Nel suo facile entusiasmo l’Oliva distribuì lodi a tutti gli interpreti: "Ferruccio Benini era Sior Gasparo senser: il grande artista, il principe dei nostri comici, fu, naturalmente, perfetto: la Dondini-Benini, nella parte di siora Tonina, ebbe applausi unanimi e continui e numerose chiamate a scena aperta; se la parola non fosse abusata, direi che quello di ieri sera fu un trionfo, e un trionfo della sua rara bravura e della sua bella intelligenza... La Zanon Paladini nella parte della serva Lucietta fu divertentissima, e non meno divertente lo Scarani che figurando sior Raimondo parlava il più puro dialetto bolognese. Piacquero anche la valente Maestri (Siora Cecilia), la graziosa Seglin (Siora Catina), il Mezzetti (Lissandro) un bel tipo di cortesan, il Conforti, il Sambo: piacquero tutti. Una sola osservazione: il testo dice che all’ultimo atto debbono essere musiche e danze. Perchè mancarono?"

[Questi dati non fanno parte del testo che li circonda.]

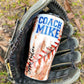 Baseball Dad Coach Tumbler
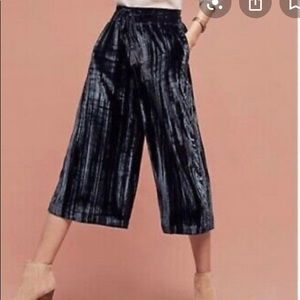 Anthropologie Hei Hei Velvet Pants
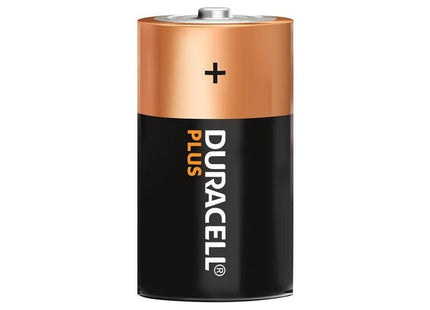 Duracell D Cell Plus Power LR20/HP2 Batteries (Pack 2) Duracell - RockBottom Northampton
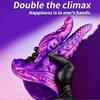 Alien Animal Penis Double Headed Masturbator Silicone Double Tentacle For Two Men And Women In The Backyard Adult Sexual Products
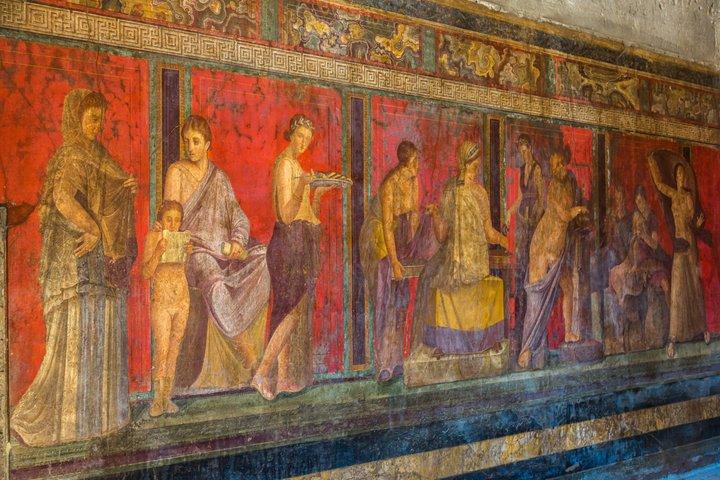 Skip-The-Line-Tickets VIP-Tour in kleiner Gruppe nach Pompei und zum Vesuv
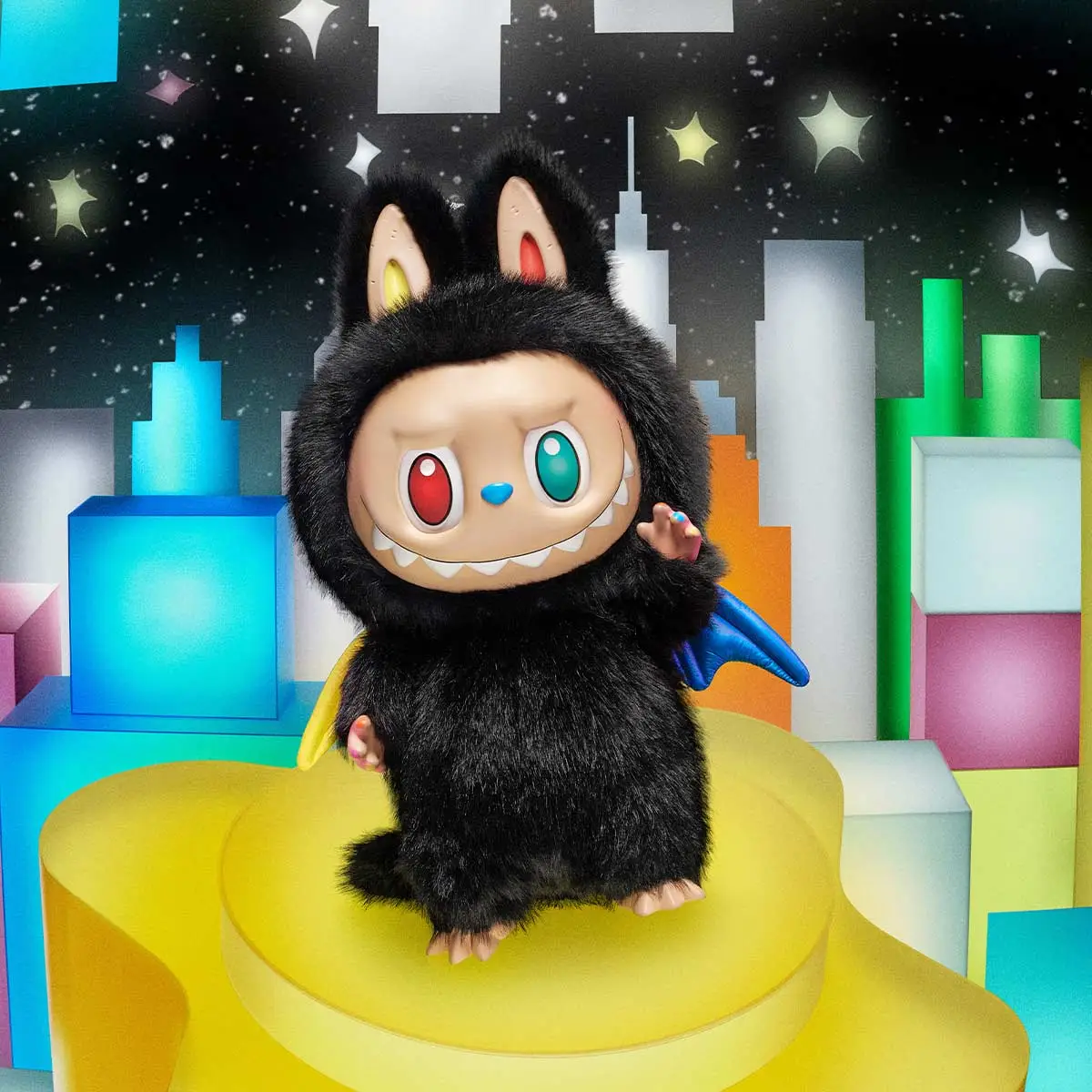 THE MONSTERS 10th Anniversary Series-ZIMOMO Vinyl Plush Doll - POP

Nel novembre di quello stesso anno il Benini ripresentò la vecchia commedia al pubblico veneziano, sul teatro Goldoni, ma il critico teatrale della Gazzetta di Venezia si mostrò più severo (6 novembre 1909): "Un pubblico bellissimo accorse iersera ad udire la commedia di Carlo Goldoni che da parecchio tempo non si dava più. Chi la fa l’aspetta. La commedia ha scene di grande comicità e di svelta fattura, ma tra quelle dell’insigne poeta veneziano non tiene certo uno dei primi posti. Essa piacque molto, ad ogni modo, e suscitò a tratti risa ed ammirazione anche per la maniera garbata con cui è condotto dall’autore l'intreccio. Quanto alla recitazione non fu, diciamolo francamente, quale era da attendersi da una compagnia come quella di Benini: ci parve stentata, slegata e, spesso, fuori di tono. Nè gli attori sapevano troppo bene la parte. Ciò non ostante Ferruccio Benini, ch’ebbe momenti molto felici, e gli altri interpreti furono salutati al proscenio dopo ogni atto".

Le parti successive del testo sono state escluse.